CIO shares successful savings strategies.

The federal CIOs said cutting costs was their second-highest concern this year, following cybersecurity.

Federal agency chief information officers are chasing down IT cost savings in many different ways this year, while coping with flat and possibly declining IT budgets, speakers said at the TechAmerica Federal CIO Survey Conference on May 3.



Simon Szykman, CIO at the Commerce Department, shared some successful strategies he's used to reduce IT expenditures at his department, something he's been able to do even though “I only control about 1 percent of the IT budget. The other 99 percent is controlled at the program level,” he said.

Szykman said he initially went after easy wins, saving money by consolidating 100 separate contracts for personal computers into a single contract.

“Today, we have a single contract, with significantly better pricing,” he said.

He is considering similar consolidations of contracts for things like purchasing Adobe products, endpoint security and networking gear.

Another avenue for possible savings is consolidation of Help Desk services, starting with Commerce headquarters, where there are six bureaus and six help desks, Szykman said. A help desk consolidation already is underway at the National Oceanic and Atmospheric Administration.

Another example of shared services at Commerce is that the census bureau is now sharing its data center with another bureau, which moved from commercial space and achieved substantial savings for doing so, he said.

Roger Baker, CIO at the Veterans Affairs Department, said his approach is to minimize IT infrastructure costs, while trying to maximize investments in new IT products as much as possible.

At the VA, with so many legacy systems requiring ongoing maintenance, the infrastructure budget would grow ever larger if conscious efforts are not made to reduce it, Baker said.

“If we do not constrain infrastructure cost growth, there will not be any dollars left for investment,” he said.

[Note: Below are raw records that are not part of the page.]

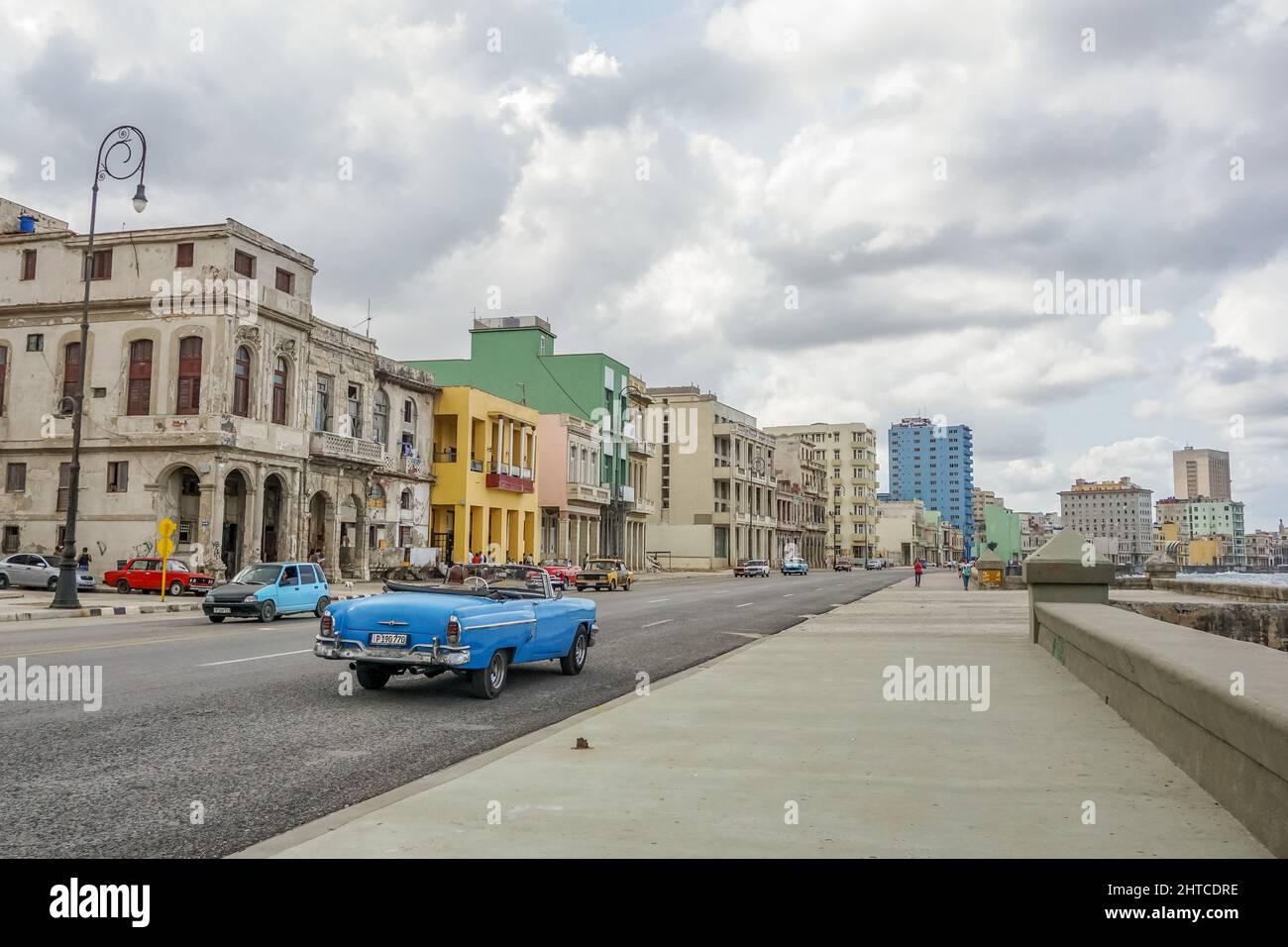 Road in Havana, Cuba, with colorful classic cars driving under the cloudy sky Stock Photo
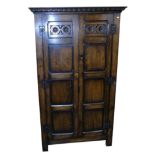 Reproduction oak two door panelled wardrobe, 102cm wide. Condition reports are not available for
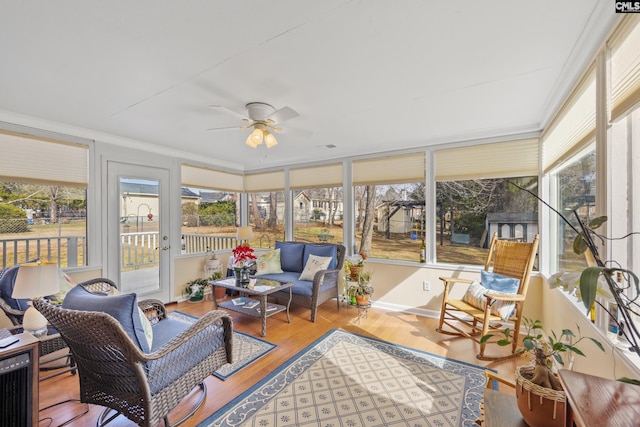 sunroom with plenty of natural light and ceiling fan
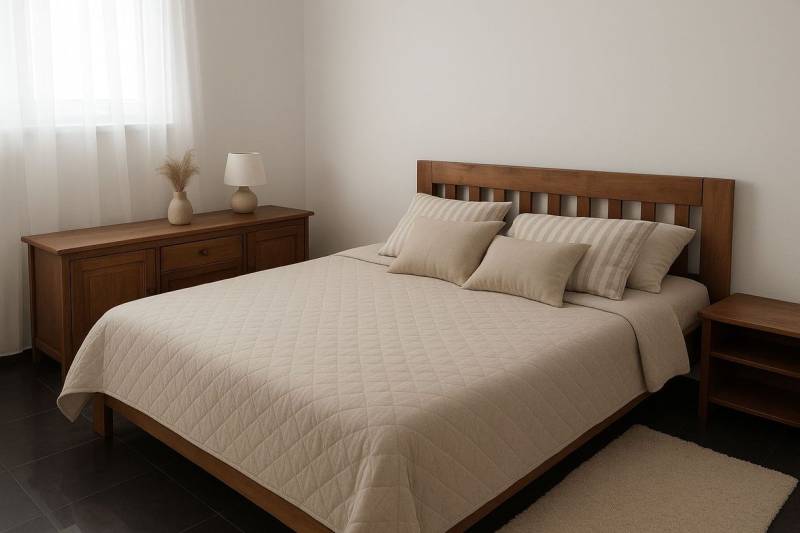 A bedroom with wooden furniture, a bed, and decorative pillows, muted colors.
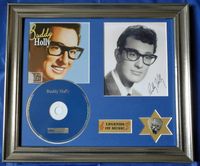 Buddy Holly's foto met handtekening en plectrum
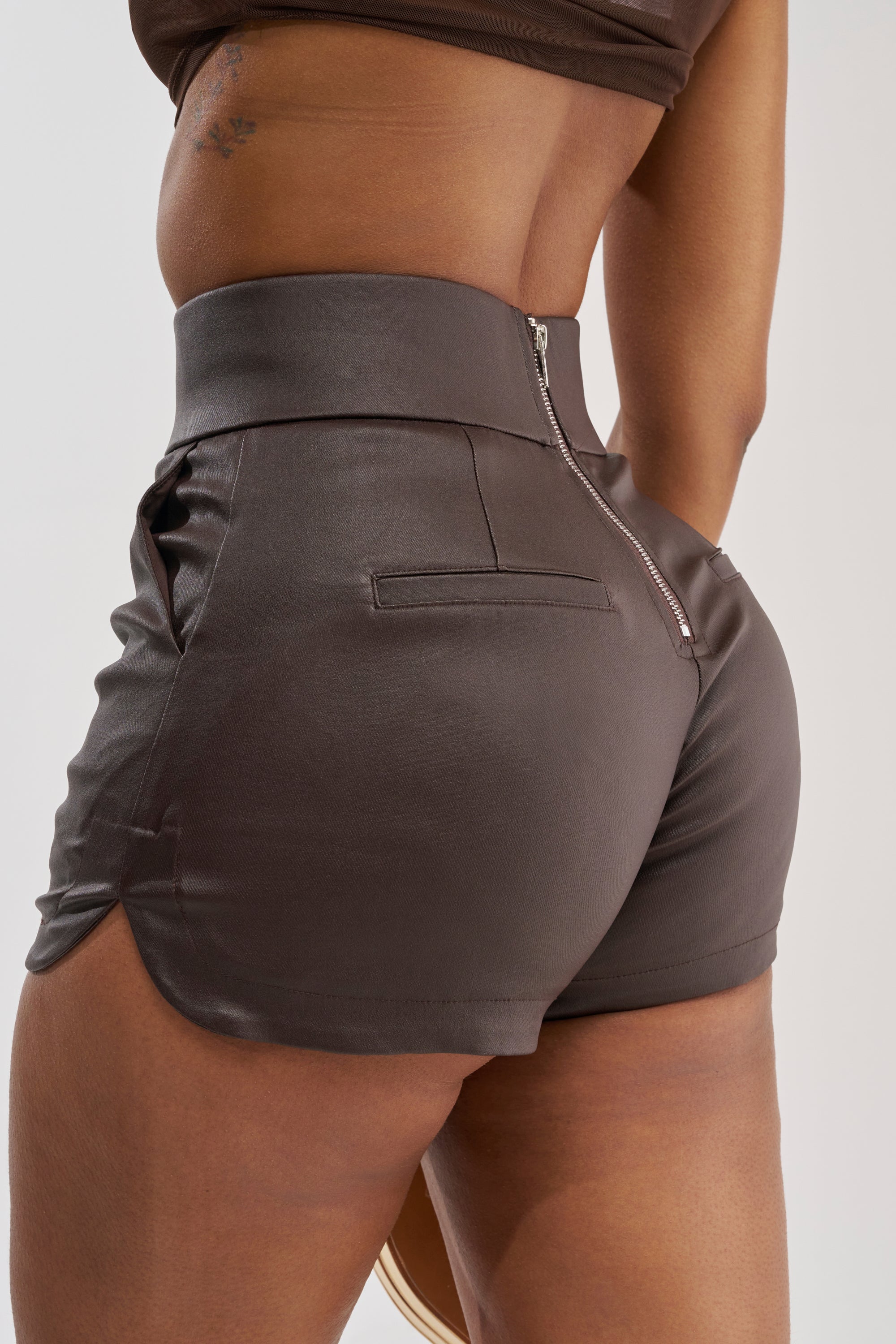 A person wearing the AMMO X AKIRA BIG BOOTY PLEATHER SHORTS WITH 4 WAY STRETCH—high-waisted, fitted, dark brown faux leather shorts featuring a visible back zipper and side pockets—stands with their hand in a pocket.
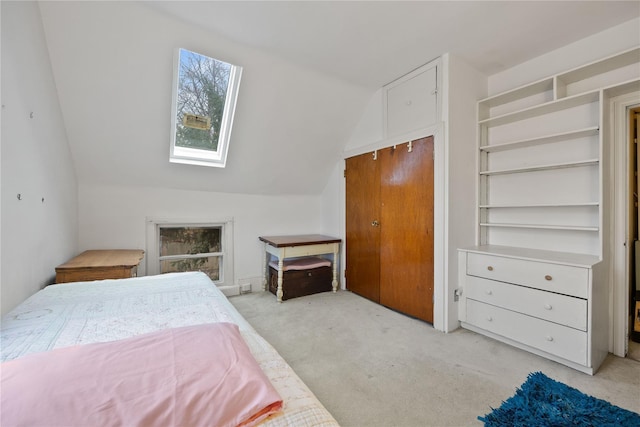 bedroom with light colored carpet and lofted ceiling with skylight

The department has about 50 cost-cutting projects underway, including “rightsizing” enterprise software licenses and moving printers from the desktop to the network. A printer costs about four times as much to operate on a desktop as on a network, he said.

Investment in improving business systems, including top-priority projects such as electronic health records and the paperless benefits system, will pay dividends in the future, Baker said.

“We spend thousands of millions to save tens of billions,” Baker said. The IT investments generate a return of about 10 to 20 times their initial value, he added.

One of the most difficult aspects of managing a $3.5 billion IT budget is that it is hard to attract top talent while paying salaries much lower than what the IT managers could earn in the private sector, Baker said.

“In my view, we are being penny-wise and pound-foolish,” he said.